I confessed that, though I had heard a great deal in apparent defence of the situation, I still felt that I would favour the words “lethargy” or “apathy” in preference to the word “reserve”, which had been used at official level to describe the general attitude to approaching independence.
“Tell me in plain English,” he prompted.
“I get the feeling,” I said, “that very few people, either in the colony or the protectorate, feel personally involved in either the spirit or the political fact of independence. The very fact that it was necessary for you to go on trek to ‘sell’ the idea to the Africans illustrates my point.”
“May it not also illustrate the desire and intention of Her Majesty’s Government to keep the people directly informed on what their new status will mean to them?” This from the other guest,
who I shall call Mr. Bixby.
“If the entire scheme had, throughout its development, the understanding of all sections of the population, irrespective of whether they were willing to support it, or otherwise, there should have been no need for Sir Maurice to tell them about it at this rather late date. But I could not help observing that, in spite of Sir Maurice’s efforts and those of his wife, there seemed to be very little interest in, let alone enthusiasm for, such an important event.”

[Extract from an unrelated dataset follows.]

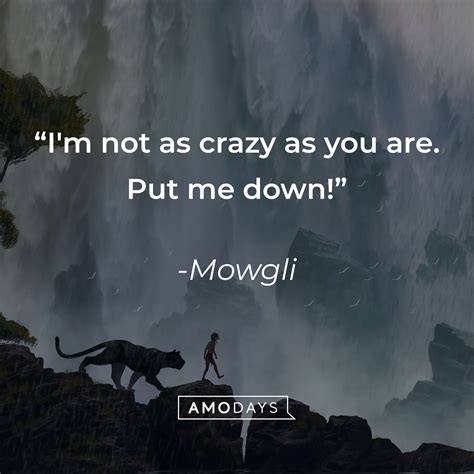 the jungle book the mowgli stories author quotes|10 Memorable Quotes in The Jungle Book .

“You must not be too easily led astray by the seemingly obvious,” Mr. Bixby defended. “I am very closely involved with several aspects of independence, and some of the preparations for it, and I know that the African at all levels is keenly enthusiastic. Personally I am sure that they are approaching it in the best possible spirit.”
Sir Maurice’s face lit up with a smile. I had the sudden idea that he had deliberately invited me to meet with the other guests that I might learn something of the perplexities of government; they were men who, in order to do their job well, were compelled by circumstances to take a line most favourable to themselves.
“Perhaps that’s true,” the Governor said. “From the moment it was decided that Sierra Leone would become independent, my business was to work to bring it about under the most favourable conditions. The present situation may not be ideal, but it provides an atmosphere in which everyone can work together without distracting or inhibiting frictions. It cannot be denied that there is a certain diffidence, shall we say, which is regrettable at a time when everyone should be enthused and stimulated, but it is preferable to a state of bitterness, agitation and unrest. Perhaps we who have administered the country have not ourselves always been fully aware of the wider field of our responsibilities, and have not, as a result, planned as carefully as we might for this impending event. But too-lengthy reflection on past omissions can be of little help now. The British Government is committed, fully committed, to the policy of granting independence to its colonies as soon as events indicate that such a step can be undertaken to achieve the best interests of the people of those territories. But political independence is only part of the foundation on which must be built the more complicated structure of economic viability and progressive social institutions.